Condition(s) targeted: Hypertension
Intervention: Metoprolol (Drug); Chlorthalidone (Drug)
Phase: Phase 4
Status: Completed
Sponsored by: University of Florida Official(s) and/or principal investigator(s): Julie A Johnson, PharmD, Principal Investigator, Affiliation: University of Florida
Summary
There are many medications available for the treatment of high blood pressure
(hypertension), but finding the right one for a specific patient can be challenging. In
fact, it is estimated that less than 50% of people with hypertension have their blood
pressure under control. The hypothesis is that genetic differences between individuals
influence their response to antihypertensive medications. This study is aimed at
determining the genetic factors that may influence a person's response to either a
beta-blocker or a thiazide diuretic. The hope is that through this research, the
investigators may someday be able to use an individual's genetic information to guide the
selection of their blood pressure medicine, leading to better control of blood pressure, and
less need for the current trial and error process.
Clinical Details
Official title: Pharmacogenomic Evaluation of Antihypertensive Responses 2
Study design: Endpoint Classification: Safety/Efficacy Study, Intervention Model: Single Group Assignment, Masking: Open Label, Primary Purpose: Treatment
Primary outcome: Antihypertensive Response
Secondary outcome: Adverse Metabolic Effects
Detailed description:
The proposed work should help move toward the long-term goal of selection of
antihypertensive drug therapy based on a patient's genetic make-up. Hypertension (HTN) is
the most common chronic disease for which drugs are prescribed, and the most prevalent risk
factor for heart attack, stroke, renal failure and heart failure. Responses to
antihypertensive drug therapy exhibit considerable interpatient variability, contributing to
poor rates of HTN control (currently about 40-50% in the US), and frequent nonadherence and
dropout from therapy. We propose to identify genetic predictors of the antihypertensive and
adverse metabolic responses to two preferred and pharmacodynamically contrasting drugs, a
beta-blocker (metoprolol) and a thiazide diuretic (chlorthalidone) in a sequential
monotherapy design in 400 hypertensive individuals. Data collected will include home and
clinic blood pressure, blood samples for testing for adverse metabolic effects and other
biomarkers, RNA, and DNA and urine sample. We will conduct genome-wide association single
nucleotide polymorphism (SNP) genotyping and data from the study will be used for
replication of findings from the previous PEAR trial, along with new discoveries. The
primary aims are to define the genetic determinants of the antihypertensive response and
adverse metabolic responses (e. g. changes in glucose, triglycerides and uric acid). The
proposed research is significant because genetically-targeted antihypertensive therapy could
lead to dramatically higher response rates and fewer adverse effects than the usual
trial-and-error approach. This would likely lead to higher rates of HTN control, less need
for polypharmacy, reduced health care costs, and improved outcomes.
Eligibility
Minimum age: 18 Years.
Maximum age: 65 Years.
Gender(s): Both.
Criteria:
Inclusion Criteria:
- An average seated home diastolic blood pressure (DBP) > 85 mmHg and < 110 mmHg and
home systolic blood pressure (SBP) < 180 mmHg.

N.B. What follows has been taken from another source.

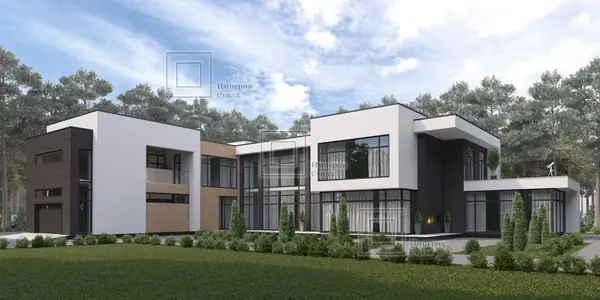 Проект дома с гаражом на три машины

- Subjects must also have an average seated (> 5 minutes) clinic DBP between 90 mmHg
and 110 mmHg and SBP < 180 mmHg
Exclusion Criteria:
- Secondary forms of hypertension (HTN) (including sleep apnea)
- Isolated systolic HTN
- Other diseases requiring treatment with BP lowering medications
- Heart rate < 55 beats/min (for metoprolol only)
- Known cardiovascular disease (including history of angina pectoris, heart failure,
presence of a cardiac pacemaker, history of myocardial infarction or
revascularization procedure, or cerebrovascular disease, including stroke and TIA)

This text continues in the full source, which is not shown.